Most grocery stores have about three days of food on the shelves. They will try to stock up if they know a weather event is coming and you should too. You aren’t likely to starve in your home during a disaster, but going with little for a few days wouldn’t be pleasant.
I’m not going to keep two weeks’ worth of food in my pantry, so we bought some dehydrated food we can use in a true emergency. It will not be the best food on the planet, but it is easy to store and will last for years.
If the power is out, how do you hear what’s going on with the weather or how soon the power will be coming on?
Phones can help, but instead of relying on your phone battery, go ahead and get a NOAA hand crank radio. The radio I’ve linked to can also be used to charge a USB device, like your cell phone.
If you take an important medicine that you shouldn’t skip, try to stay on top of your refills, so you always have a several-day supply. You can also keep a first aid kit in the house, which can be handy all the time and not just in emergencies.
If a hurricane or flooding is approaching, everyone in your area is likely going to try and be leaving the city at the same time. It is good to know your area and possibly map out a few escape routes as necessary.
You can use the maps on your phones, but having a detailed street map and a plan to get out of town on less traveled roads could save you hours in traffic and a miserable time in the car.

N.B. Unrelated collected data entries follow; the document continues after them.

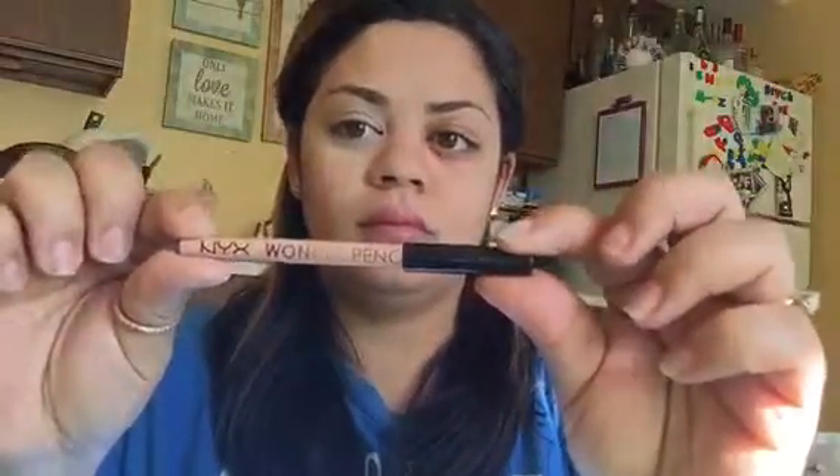I'm going to use a small stippling brush — mine is from ELF, only three dollars — to tap out a little bit of the concealer underneath the eye, because I tend to get a lot of creasing in my under-eye area. Then I'm going to use my Rimmel Stay Matte powder in translucent to set the concealer. I like to pack it on underneath the eye and then use a fluffy brush to swirl it around the rest of the face.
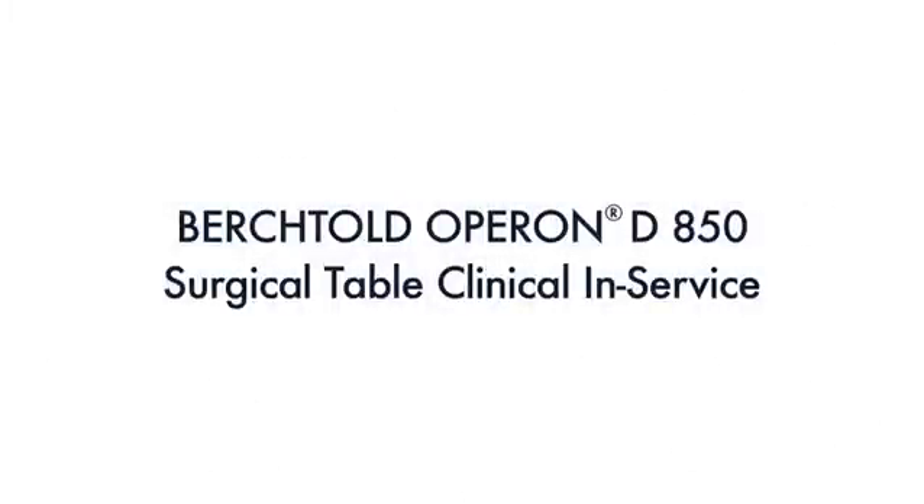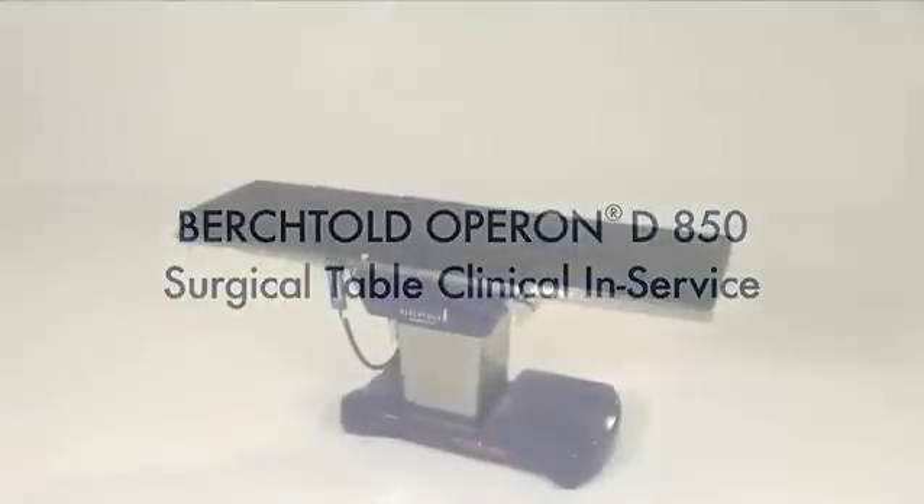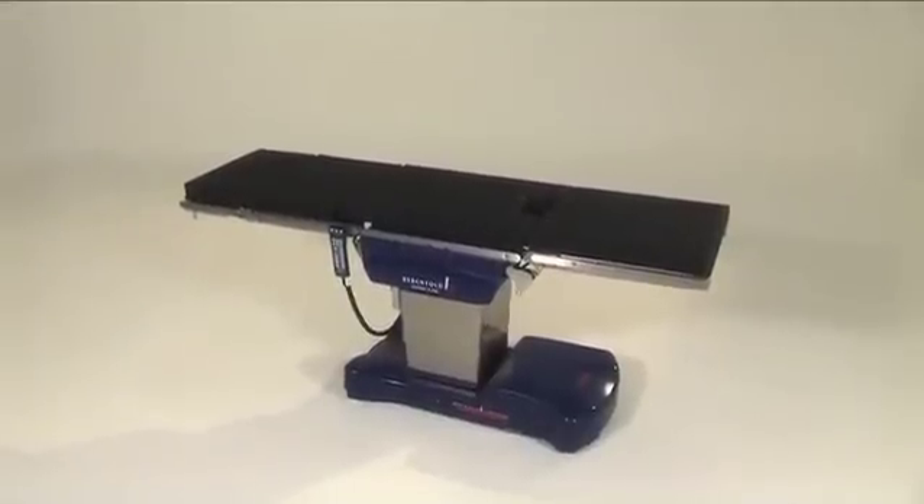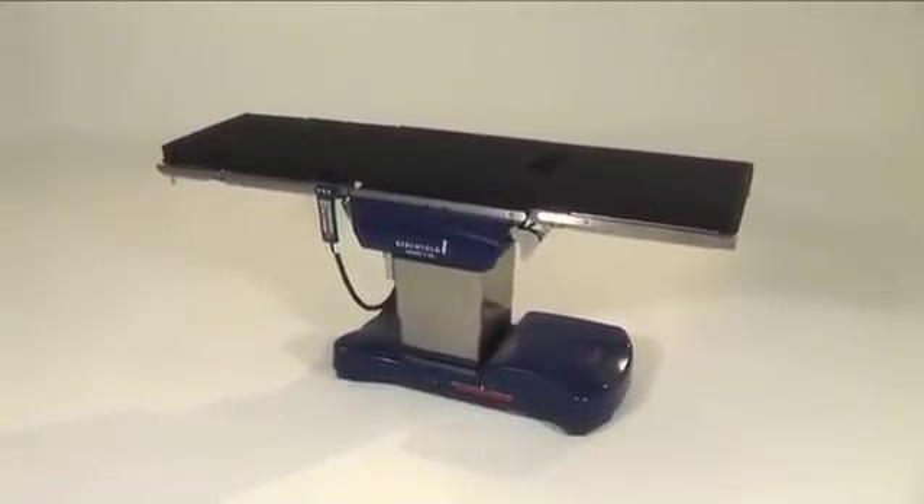Welcome to this video presentation of the Berktold Operon D850 Surgical Table Clinical In-Service. The D850 is Berktold's most advanced and feature-rich surgical table, setting the industry standard for innovation in the operating room.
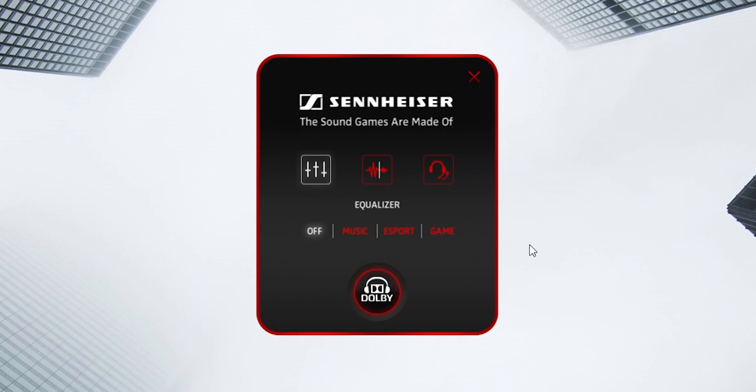Coming back to the driver software, I find it too basic, especially at this price point and especially coming from Sennheiser. I was expecting a little bit more control, like an EQ curve that we can adjust and play around with. Sennheiser may be trying to simplify things so users don't get overwhelmed choosing a sound signature, but having only three presets is limiting. The music preset completely destroys the treble, brings it down, and turns the bass into mud — which is terrible for music.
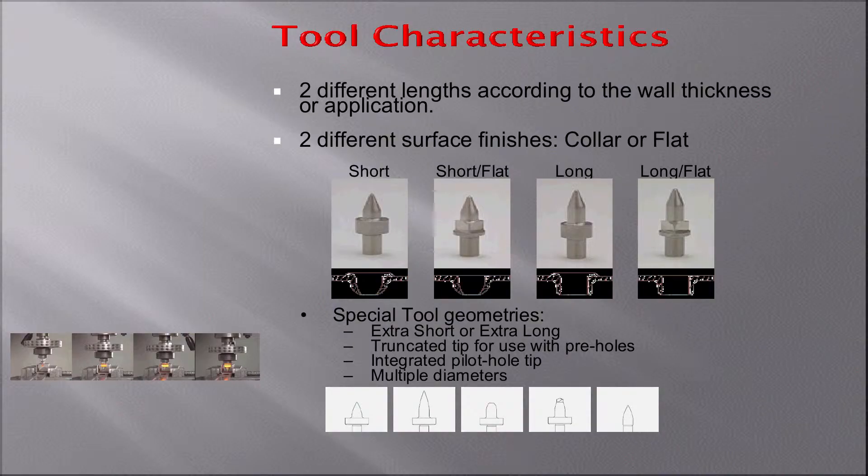The tool is basically a very simple set of tools. We have them in short for very thin materials, and we have them in long for thicker materials. As you saw in the video, the tool leaves a washer-looking thing around the upper surface. But we can also mill it off if you want a flush surface — that's what we call the flats.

Plus if you can’t get cell phone service, how will you know where to go?
10. Car cellphone charger
We’ve talked a lot about chargers, but cell phones are our trusty assistants. Don’t get stuck in an emergency and not have your cell available.
In Atlanta last winter, the entire city was trapped by a fast approaching ice storm. People were trapped in their cars on the highway for six to eight hours. One of my friends had not moved in several hours and decided to get out of the car and walk the last four miles home.
If you are in an ice storm or evacuation situation or even if your car breaks down, have a cell phone charger in the car so you can call someone or use your apps.
With this simple list of ten items, you will have food, water, lights and access to information during any emergency. Take these simple steps to safeguard you and your family. Better safe than sorry!